Nova York — Enquanto os petistas se desdobram nesses dias decisivos para tentar angariar espaço eleitoral em meio ao julgamento do mensalão, a presidente Dilma Rousseff dedicará a semana à agenda externa. Ela desembarca hoje nos Estados Unidos, onde participará da abertura da 67ª Assembleia Geral das Nações Unidas na terça-feira. Anos-luz distante do julgamento e das eleições, ela aproveitará o discurso a título de contraponto à situação dos antigos líderes de seu partido no Supremo Tribunal Federal.
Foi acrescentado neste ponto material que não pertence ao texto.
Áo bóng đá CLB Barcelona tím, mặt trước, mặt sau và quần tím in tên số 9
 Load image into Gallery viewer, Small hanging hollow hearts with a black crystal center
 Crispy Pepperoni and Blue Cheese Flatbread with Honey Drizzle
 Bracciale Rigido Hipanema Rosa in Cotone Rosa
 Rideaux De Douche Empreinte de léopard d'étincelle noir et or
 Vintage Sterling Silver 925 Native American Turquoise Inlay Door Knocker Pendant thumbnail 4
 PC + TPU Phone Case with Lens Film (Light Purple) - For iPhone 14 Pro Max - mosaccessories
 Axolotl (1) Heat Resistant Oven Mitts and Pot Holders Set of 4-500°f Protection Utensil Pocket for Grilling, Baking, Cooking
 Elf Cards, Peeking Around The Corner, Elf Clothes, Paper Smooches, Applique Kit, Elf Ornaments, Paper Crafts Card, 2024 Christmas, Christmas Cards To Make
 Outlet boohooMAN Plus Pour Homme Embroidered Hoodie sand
Lembrará, por exemplo, que, enquanto alguns países fecham postos de trabalho, o Brasil consegue criar oportunidades de emprego, mas que tudo isso seria melhor se houvesse um reforço ao "multilateralismo", tanto no contexto econômico quanto político, em especial, para uma solução pacífica dos conflitos que se agravam no dia a dia de diversas nações.

Dentro do governo brasileiro há a certeza de que as grandes nações estão falhando como intermediadoras de conflitos. Não venceram o que o Palácio do Planalto chama de "desafios da paz". Na Síria, não conseguiram acabar com a guerra civil do regime de Bashar Assad. E também ainda não encontraram um caminho seguro para sair da crise econômica que afeta em especial a Europa. Nem mesmo a participação da Palestina como estado-membro da ONU chega a um desfecho, em especial por causa das pressões de Israel.

Nesse contexto de tantos temas pendentes, a presidente brasileira reforçará a cobrança feita em seu primeiro discurso na ONU, ao abrir a 66ª Assembleia Geral no ano passado (leia ao lado). Ali, Dilma cobrou um Conselho de Segurança ampliado para resolução dos conflitos, como o da Síria. Falou ainda que a crise global não era só econômica, mas de governança e de coordenação política. Ela chegou a alertar que se a situação não fosse contida, poderia se transformar em uma ruptura sem precedentes.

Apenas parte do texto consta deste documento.